Haslett takes note of the long tradition of families marrying other families through arranged marriages of political alliance and economic advantage rather than romance. He sees the Protestant Reformation’s idea of “companionate marriage” as a significant turning from this as well as from Catholicism’s “ideal of chastity, which considered earthly marriage a more or less unfortunate necessity meant to accommodate human weakness.” In pointing out the Puritan Milton’s advocacy of divorce, he does not mention Luther’s advice to Henry VIII – that, rather than divorce, the king should do as the biblical patriarchs and take an additional wife.
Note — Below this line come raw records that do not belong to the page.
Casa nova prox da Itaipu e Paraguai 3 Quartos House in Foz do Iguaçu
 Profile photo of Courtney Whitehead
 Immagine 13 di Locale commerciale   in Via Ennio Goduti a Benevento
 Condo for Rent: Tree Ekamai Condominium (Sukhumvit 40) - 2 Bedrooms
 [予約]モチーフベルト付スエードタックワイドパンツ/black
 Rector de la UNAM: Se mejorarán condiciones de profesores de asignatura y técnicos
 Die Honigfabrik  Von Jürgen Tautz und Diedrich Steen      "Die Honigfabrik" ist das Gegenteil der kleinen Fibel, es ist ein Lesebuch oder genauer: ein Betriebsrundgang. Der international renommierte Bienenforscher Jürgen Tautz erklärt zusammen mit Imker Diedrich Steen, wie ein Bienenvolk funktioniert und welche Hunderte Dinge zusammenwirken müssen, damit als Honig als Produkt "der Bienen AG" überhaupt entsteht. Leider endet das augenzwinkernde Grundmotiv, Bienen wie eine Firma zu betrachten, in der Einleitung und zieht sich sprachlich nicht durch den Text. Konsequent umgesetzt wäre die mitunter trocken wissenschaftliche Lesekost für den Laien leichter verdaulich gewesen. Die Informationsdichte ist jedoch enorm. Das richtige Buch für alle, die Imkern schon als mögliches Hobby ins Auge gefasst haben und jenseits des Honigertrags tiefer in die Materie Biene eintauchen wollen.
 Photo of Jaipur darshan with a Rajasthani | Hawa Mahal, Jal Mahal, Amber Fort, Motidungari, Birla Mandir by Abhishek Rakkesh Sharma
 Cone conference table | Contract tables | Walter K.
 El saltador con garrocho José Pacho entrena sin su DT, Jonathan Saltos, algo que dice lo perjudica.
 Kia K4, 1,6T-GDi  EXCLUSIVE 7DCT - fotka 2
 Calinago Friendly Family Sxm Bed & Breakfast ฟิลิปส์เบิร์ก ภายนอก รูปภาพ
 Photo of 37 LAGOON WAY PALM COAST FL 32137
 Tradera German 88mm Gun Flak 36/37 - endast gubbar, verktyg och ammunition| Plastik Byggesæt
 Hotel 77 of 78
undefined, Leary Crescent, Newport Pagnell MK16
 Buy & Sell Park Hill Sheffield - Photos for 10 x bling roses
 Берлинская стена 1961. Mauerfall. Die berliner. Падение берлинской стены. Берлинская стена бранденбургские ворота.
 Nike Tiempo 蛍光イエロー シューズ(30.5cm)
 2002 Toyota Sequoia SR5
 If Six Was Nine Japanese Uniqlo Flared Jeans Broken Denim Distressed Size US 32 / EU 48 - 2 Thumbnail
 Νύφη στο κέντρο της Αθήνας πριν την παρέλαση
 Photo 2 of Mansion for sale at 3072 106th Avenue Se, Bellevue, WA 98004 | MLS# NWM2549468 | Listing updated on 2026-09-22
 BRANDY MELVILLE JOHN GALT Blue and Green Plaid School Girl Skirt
Haslett notes the fact that Catholicism, even in Luther’s day, “had no requirement that a priest be present at the wedding ceremony; vows spoken in private were sufficient to create a binding marriage.” He points out that the tradition of banns arose because of the need to determine if the prospective bride and groom might already be committed elsewhere. He mentions the long struggle with miscegenation laws and the expansion of the marriage franchise to the poor, the sterile and slaves
With some exaggeration, Hazlett writes: “Not until the confessional diaries and novels of the late eighteenth and early nineteenth centuries started to influence bourgeois notions of what Jane Austen called ‘connubial felicity’ did romance begin its steady ascent to the marital realm.” He adds: “Today, needless to say, the most respectable reason you can give for getting married is that you have fallen in love.” Alluding to “the decline of the patriarchal legal structure and the rise of the goal of self-fulfillment,” Haslett says: “Gay marriage is unsettling, to many, not because it departs from modern meanings of matrimony but because it embodies them.”
The value of this essay lies in Haslett’s examples of the diversity of “traditional marriage” and in his calling for historical perspective. Given the evolution in what has passed for “traditional marriage,” Haslett says we’ve arrived at a juncture that “is a historically peculiar state of affairs, one that would be alien to our ancestors and to most traditional cultures today. And it makes the push for gay marriage inevitable.”